◆ Stored data
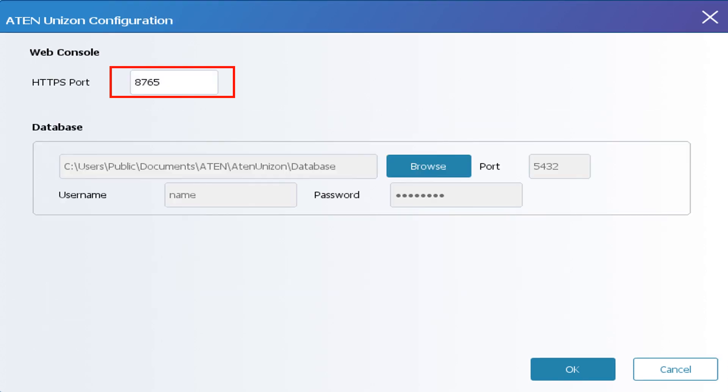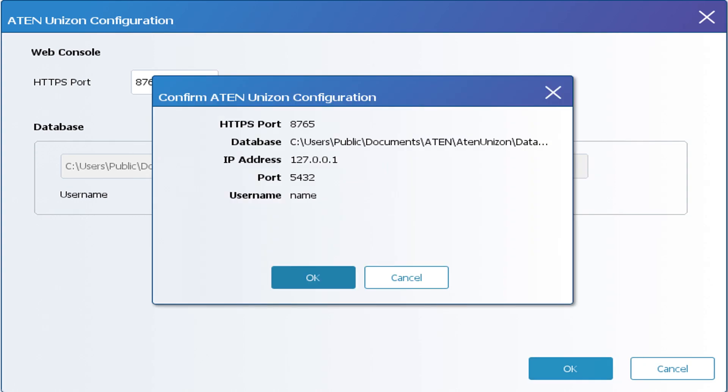You can change the HTTPS port or leave it untouched. Now you can click on OK to finish the installation.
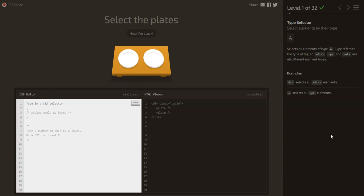Hi everyone, in this video we are going to play the CSS Diner game. The purpose of the game is to practice our CSS selectors and pseudo-element skills. There are 32 levels and now we are in level 1.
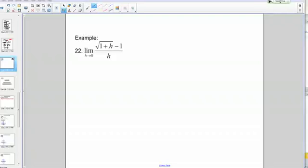Here's another example: the limit as h goes to 0 of the square root of 1 plus h minus 1, over h.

◆ What you have to do
Leave out the images and repeat the rest of the data word for word.

◆ Finished exercise
You can change the HTTPS port or leave it untouched. Now you can click on OK to finish the installation.
Hi everyone, in this video we are going to play the CSS Diner game. The purpose of the game is to practice our CSS selectors and pseudo-element skills. There are 32 levels and now we are in level 1.
Here's another example: the limit as h goes to 0 of the square root of 1 plus h minus 1, over h.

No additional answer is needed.